第37話 高天原の陸――睦(二) 

 紅は、遠慮のない口調でズバズバと続けた。


「女は、可愛けりゃいいみたいなとこあるから、ちょっとくらい子供扱いされてもお得なこともあるけど、男が子供っぽく見られて得するのって、ヒモになりたい奴くらいでしょ。まともな男なら、いつまでもマザコンやシスコンやっていないで、さっさと大空に飛び立っていくんだよ。そういうの、お母さんやお姉さんは寂しいけど、でも飛び立つままに見送ってあげるのが愛なんだよ。いつまでも『あの子には私がついていなきゃ』なーんて言って、しがみついちゃダメなの。今の睦ちゃんは、そういう駄目なお姉ちゃんになってるよ?」


 紅が、睦を袋小路に追い込んでゆく。


「直くんがもう少し小さい頃なら、世話焼きのお姉ちゃんがいてくれるのはいいことだったのかもしれないね。

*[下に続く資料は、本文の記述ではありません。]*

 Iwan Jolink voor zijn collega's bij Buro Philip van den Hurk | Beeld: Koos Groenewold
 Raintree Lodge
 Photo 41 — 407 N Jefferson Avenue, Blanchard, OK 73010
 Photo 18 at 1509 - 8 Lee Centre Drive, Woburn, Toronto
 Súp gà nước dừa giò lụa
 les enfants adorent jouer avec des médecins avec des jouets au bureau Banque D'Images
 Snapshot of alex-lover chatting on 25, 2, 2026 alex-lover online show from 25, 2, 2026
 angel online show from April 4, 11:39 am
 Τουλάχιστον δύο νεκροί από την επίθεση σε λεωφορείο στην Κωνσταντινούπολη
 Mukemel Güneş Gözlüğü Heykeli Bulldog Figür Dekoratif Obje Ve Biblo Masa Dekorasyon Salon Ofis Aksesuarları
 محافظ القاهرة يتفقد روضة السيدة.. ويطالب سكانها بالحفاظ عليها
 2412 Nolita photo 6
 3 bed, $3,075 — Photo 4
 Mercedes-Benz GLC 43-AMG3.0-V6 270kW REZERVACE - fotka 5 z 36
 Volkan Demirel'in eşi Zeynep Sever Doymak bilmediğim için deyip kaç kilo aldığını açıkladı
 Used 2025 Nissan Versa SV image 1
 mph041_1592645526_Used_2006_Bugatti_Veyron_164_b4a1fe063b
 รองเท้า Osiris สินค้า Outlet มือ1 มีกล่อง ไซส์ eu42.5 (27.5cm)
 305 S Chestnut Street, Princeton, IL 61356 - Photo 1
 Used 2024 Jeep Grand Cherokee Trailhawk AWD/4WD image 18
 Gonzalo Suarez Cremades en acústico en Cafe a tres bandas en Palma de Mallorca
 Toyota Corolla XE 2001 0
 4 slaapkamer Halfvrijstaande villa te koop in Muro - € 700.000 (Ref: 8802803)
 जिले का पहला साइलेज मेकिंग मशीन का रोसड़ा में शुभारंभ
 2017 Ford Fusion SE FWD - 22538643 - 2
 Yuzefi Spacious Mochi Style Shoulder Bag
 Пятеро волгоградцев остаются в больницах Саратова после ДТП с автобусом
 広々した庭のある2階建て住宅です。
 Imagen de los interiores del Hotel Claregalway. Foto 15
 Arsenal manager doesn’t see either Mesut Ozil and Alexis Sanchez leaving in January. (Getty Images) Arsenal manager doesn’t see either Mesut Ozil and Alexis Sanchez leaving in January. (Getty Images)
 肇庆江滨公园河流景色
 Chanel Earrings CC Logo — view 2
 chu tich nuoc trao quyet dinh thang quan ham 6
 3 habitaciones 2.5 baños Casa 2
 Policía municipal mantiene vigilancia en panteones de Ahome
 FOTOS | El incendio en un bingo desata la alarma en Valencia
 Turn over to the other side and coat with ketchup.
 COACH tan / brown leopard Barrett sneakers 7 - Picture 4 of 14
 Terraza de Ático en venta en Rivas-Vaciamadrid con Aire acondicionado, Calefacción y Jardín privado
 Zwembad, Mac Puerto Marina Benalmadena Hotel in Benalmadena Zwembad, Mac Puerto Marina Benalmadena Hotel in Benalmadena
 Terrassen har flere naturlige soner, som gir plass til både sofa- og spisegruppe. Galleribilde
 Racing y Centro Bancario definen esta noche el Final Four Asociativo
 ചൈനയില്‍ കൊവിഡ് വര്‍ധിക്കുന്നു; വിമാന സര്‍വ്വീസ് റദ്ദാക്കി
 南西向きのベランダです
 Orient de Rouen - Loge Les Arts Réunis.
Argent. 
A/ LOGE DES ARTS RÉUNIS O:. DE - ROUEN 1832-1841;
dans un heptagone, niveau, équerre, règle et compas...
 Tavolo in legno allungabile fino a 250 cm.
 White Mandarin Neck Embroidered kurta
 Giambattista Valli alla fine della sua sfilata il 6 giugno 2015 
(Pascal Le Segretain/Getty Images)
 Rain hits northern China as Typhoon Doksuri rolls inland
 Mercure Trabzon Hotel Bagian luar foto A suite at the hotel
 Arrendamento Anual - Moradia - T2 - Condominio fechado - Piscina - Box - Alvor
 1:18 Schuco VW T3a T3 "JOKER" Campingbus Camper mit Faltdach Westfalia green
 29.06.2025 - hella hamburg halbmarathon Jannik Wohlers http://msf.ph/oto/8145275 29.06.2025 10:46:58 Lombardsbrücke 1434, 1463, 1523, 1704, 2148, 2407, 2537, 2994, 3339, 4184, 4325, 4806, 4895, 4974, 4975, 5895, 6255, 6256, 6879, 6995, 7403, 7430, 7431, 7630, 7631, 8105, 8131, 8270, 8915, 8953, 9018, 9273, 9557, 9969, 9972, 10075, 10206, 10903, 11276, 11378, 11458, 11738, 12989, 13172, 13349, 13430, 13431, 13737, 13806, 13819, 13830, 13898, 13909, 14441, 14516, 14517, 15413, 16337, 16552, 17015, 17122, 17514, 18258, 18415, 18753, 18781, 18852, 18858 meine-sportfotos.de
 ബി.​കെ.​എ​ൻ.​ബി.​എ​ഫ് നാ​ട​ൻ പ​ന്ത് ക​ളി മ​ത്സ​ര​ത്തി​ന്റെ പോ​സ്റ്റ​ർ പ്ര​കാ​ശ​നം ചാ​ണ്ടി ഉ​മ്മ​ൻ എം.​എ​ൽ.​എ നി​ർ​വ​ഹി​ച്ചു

でも、そんな睦ちゃんの役割は、


 お終いに、紅は睦の罪を裁く。


「睦ちゃんってウソツキだね。本当は気付いてる癖に。直くんは、その辺の世間知らずの少年少女とは違うって。睦ちゃんが何を言っても、直くんは一貫して自分のペースで、睦ちゃんの助言が役に立ったことは一度も無いって、知ってる癖に」


 睦は、何も言い返せなかった。

 紅が言ったことは、全て睦が『考えないようにしていたこと』だったから。


 直人が、継人の言うことなら聞くのは、正しいからではない。

 直人にとって、継人だけが特別だったからだ。――――今までは。 


「どーして黙ってるの?ウソツキは悪い子なんだから、ごめんなさいしなきゃだよ。睦ちゃん、直くんに謝ってよ。僕はね、『あなたの為を思って~』っていう言葉が世界で二番目に嫌いなんだよ。これ言う人って、本当は『自分の為』なんだから」


 伊織が、面白そうに口を挟んだ。


「じゃあ、紅ちゃんが世界で一番嫌いな言葉って何?」

「『悪気は無かった』だよ!悪気がなきゃ許されるの?冗談じゃないよ」

「何番目まであるの?」

「とりあえず三番目は『遺憾です』だよ!アレって、他人事です~って言ってるのと同じでしょ」


 ぽん、と直人の大きな手が、紅の小さな頭部を撫でた。

 表情は変わらなくても、優しい仕種。


「べに、もういい。お前が怒らなくたっていいんだ」

「ふふ、直くん、そういう甘さも大好きだよ。でもね、僕には僕の、怒る理由があるの。…ああ本当、腹が立って仕方が無いよ。僕を誰よりも守ってくれる、僕だけのナイトをお子様扱いするなんて、僕自身を侮辱されるよりも、許せない」


 紅は、もう笑っていなかった。

 その瞳も、声も、刀の閃きのようだった。


「直くんは良くても、僕が良くないんだよ。意地でも直くんに謝りたくないなら、一番怒ってる僕に謝ってよ。直くんを貶めるなんて、誰であろうと絶対に許さない。謝らないなら、――殺すよ」


 ゾクリと、一気に気温が下がる感覚がした。――直人以外は。


 よく晴れた日の朝の校舎は賑やかなのに、まるで此処だけ空間が切り取られたかのように、昏い帳が下りてくるような気がする――――




「なーんてね。ちょっとブラックな冗談だよ!」


 紅が明るく笑って、睦は悪い夢から覚めたように、しばし茫然とした。


「僕だって、自分の立場くらいわかってるもの。いくら淑子さんに預けられたっていう名目でも、《高天原の玖》なんてご大層な名前をもらっちゃっても、突然登場の庶子だからね。睦ちゃんは、生まれた時から高天原家のお姫様だもん。そう簡単に頭を下げちゃいけない立場だよね。偉そうにしてごめんね、睦ちゃん」

「…あ、…うん……」


 紅は、さらりと謝った。

 が、自分に非が有ると思い知らされた睦は、頷くしかない。


 完全に、紅の勝ちだった。

 この場の空気を支配したのは、《突然登場の庶子》の九番目だった。


 直人は、出会ってすぐに気付いていたが、紅は『空気を創る』能力に長けている。

 創ったのは紅自身だから、笑顔ひとつでその空気を壊してしまうことも出来る。


 《玄冬》の名を持つ直人ですら、調子が狂った――――狂わされたと思ったことは、何度か有る。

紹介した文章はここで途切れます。